Deribit ve Komainu, 24/7 Kurumsal Saklama Kripto Ticareti Sunmak İçin Ortaklık Kurdu
Deribit, bu yılın başında Coinbase Global tarafından satın alındı, düzenlenmiş saklama hizmeti sunan Komainu ile stratejik bir ortaklık kurdu. Bu ortaklık, kurumsal müşterilerin varlıklarını güvenli bir şekilde saklama altında tutarak türev ürünler ticareti yapmalarını sağlıyor. 22 Ekim'de duyurulan anlaşma, Deribit'in türev borsa platformunu Komainu'nun teminat yönetimi için “Connect” platformuyla bağlıyor.
Yeni düzenlemeyle birlikte, müşteriler Komainu'nun düzenlenmiş saklama yapısında fonları tutabilir ve varlıkları borsa için çekmeden Deribit'te işlemler gerçekleştirebilir. Bu model, kurumsal kripto benimsemesi için iki büyük engel olan karşı taraf riskini ve uzlaşma maruziyetini azaltmak üzere tasarlanmıştır. Deribit CCO'su Jean-David Péquignot'un belirttiği gibi, iş birliği “[clients]'e en yüksek güvenlik ve verimlilik seviyesini sunuyor.”
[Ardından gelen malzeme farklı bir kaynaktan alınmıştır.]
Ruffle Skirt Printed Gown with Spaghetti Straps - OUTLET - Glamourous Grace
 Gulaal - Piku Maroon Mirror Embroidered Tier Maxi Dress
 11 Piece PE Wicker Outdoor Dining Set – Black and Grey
Bu hamle, kripto piyasalarındaki daha geniş bir eğilimi vurguluyor: kurumsal düzeyde saklama ile yüksek hacimli ticareti türevler kullanarak birleştirme. Nomura, CoinShares ve Ledger gibi firmalar tarafından desteklenen Komainu, ayrılmış cüzdanlar, üçüncü taraf rezerv denetimleri ve çoklu varlık teminat desteği sağlıyor. Bu altyapı artık Deribit'in likit türev teklifi ile doğrudan ilişkilendiriliyor, kripto para birimlerinde potansiyel olarak güçlü bir kurumsal erişim noktası yaratıyor.
Deribit ve Coinbase için bu anlaşma, makro koşullar ve düzenleyici netliğin birleştiği bir noktada daha derin kurumsal akışlara hazırlığı işaret ediyor. Gözlemciler, bu tür bir saklama öncelikli modelin, uzun süredir saklama riskini büyük ölçekli kripto maruziyeti için bir engel olarak gösteren emeklilik fonları, aile ofisleri ve hedge şirketlerini çekmeye yardımcı olabileceğini belirtiyor.
Düzenleme hâlâ uygulanırken, bu, kurumların dijital varlıkları ticaretini yaparken sermayeyi kontrol altındaki saklama çerçeveleri altında koruyabileceği “trade in-custody” türevlerine yönelik önemli bir adımı temsil etmektedir.